Action item. From the first line to the last, transcribe the data exactly and skip the pictures.

Recorded information.
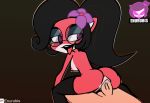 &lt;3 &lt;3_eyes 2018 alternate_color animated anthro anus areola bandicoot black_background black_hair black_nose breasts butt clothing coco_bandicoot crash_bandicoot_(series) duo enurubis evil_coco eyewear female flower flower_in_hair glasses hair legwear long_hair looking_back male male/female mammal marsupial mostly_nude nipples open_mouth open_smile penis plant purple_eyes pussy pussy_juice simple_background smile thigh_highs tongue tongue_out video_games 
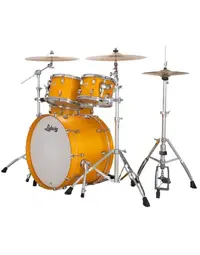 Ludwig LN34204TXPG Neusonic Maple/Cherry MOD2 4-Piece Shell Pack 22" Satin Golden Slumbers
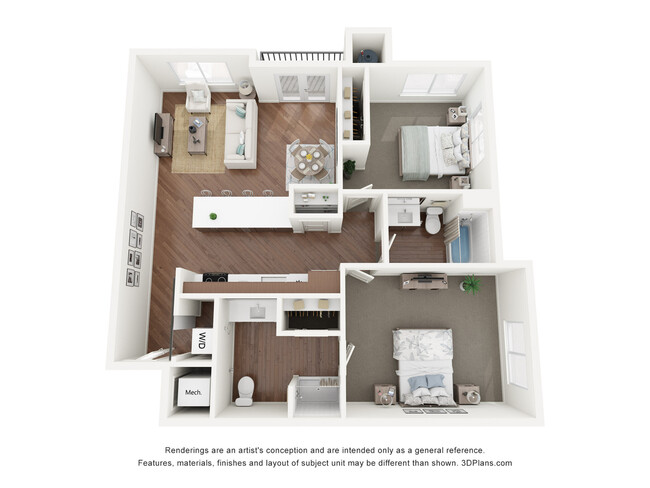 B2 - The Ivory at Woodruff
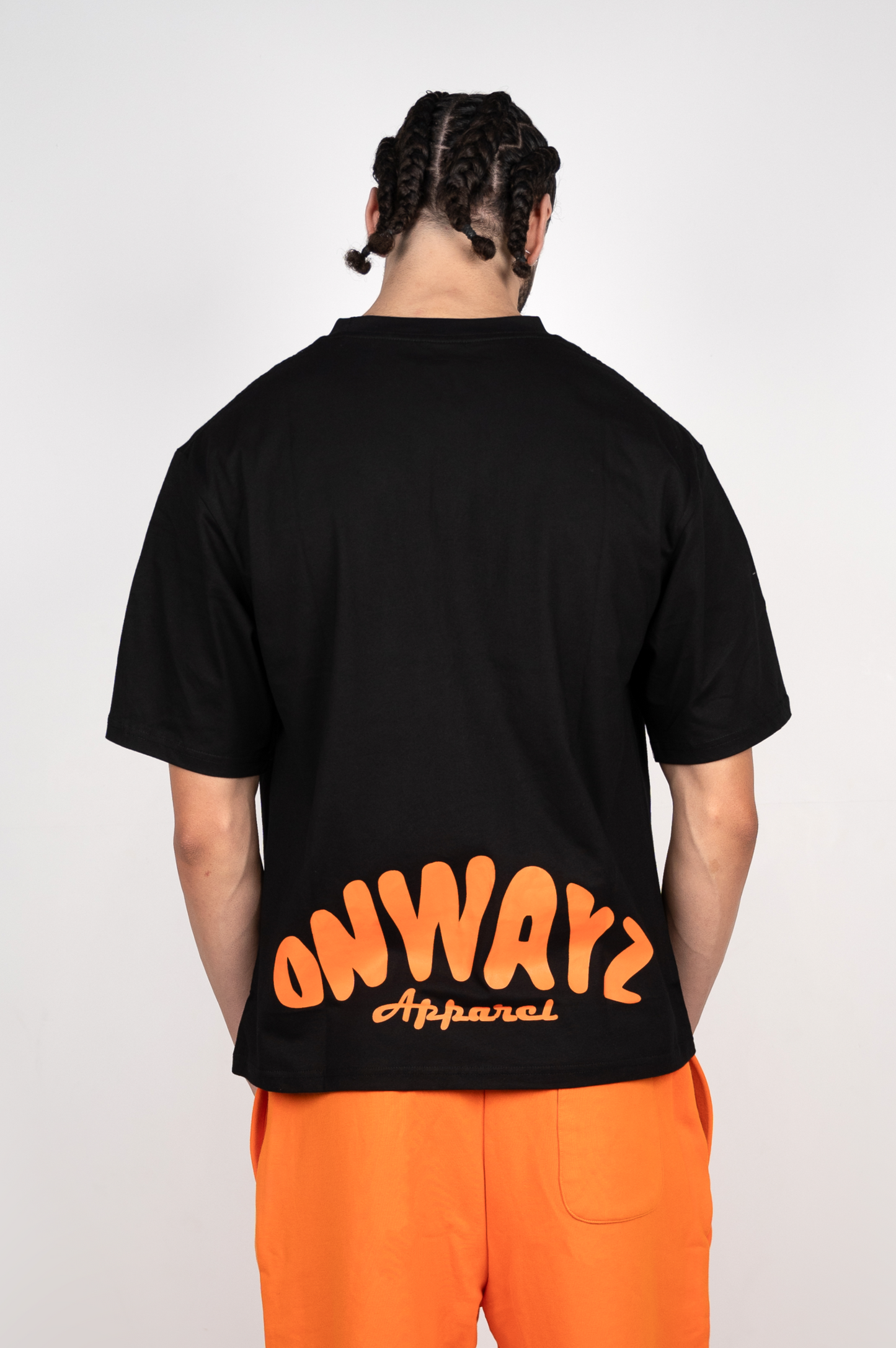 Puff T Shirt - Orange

Answer to this task.
 &lt;3 &lt;3_eyes 2018 alternate_color animated anthro anus areola bandicoot black_background black_hair black_nose breasts butt clothing coco_bandicoot crash_bandicoot_(series) duo enurubis evil_coco eyewear female flower flower_in_hair glasses hair legwear long_hair looking_back male male/female mammal marsupial mostly_nude nipples open_mouth open_smile penis plant purple_eyes pussy pussy_juice simple_background smile thigh_highs tongue tongue_out video_games 
 Ludwig LN34204TXPG Neusonic Maple/Cherry MOD2 4-Piece Shell Pack 22" Satin Golden Slumbers
 B2 - The Ivory at Woodruff
 Puff T Shirt - Orange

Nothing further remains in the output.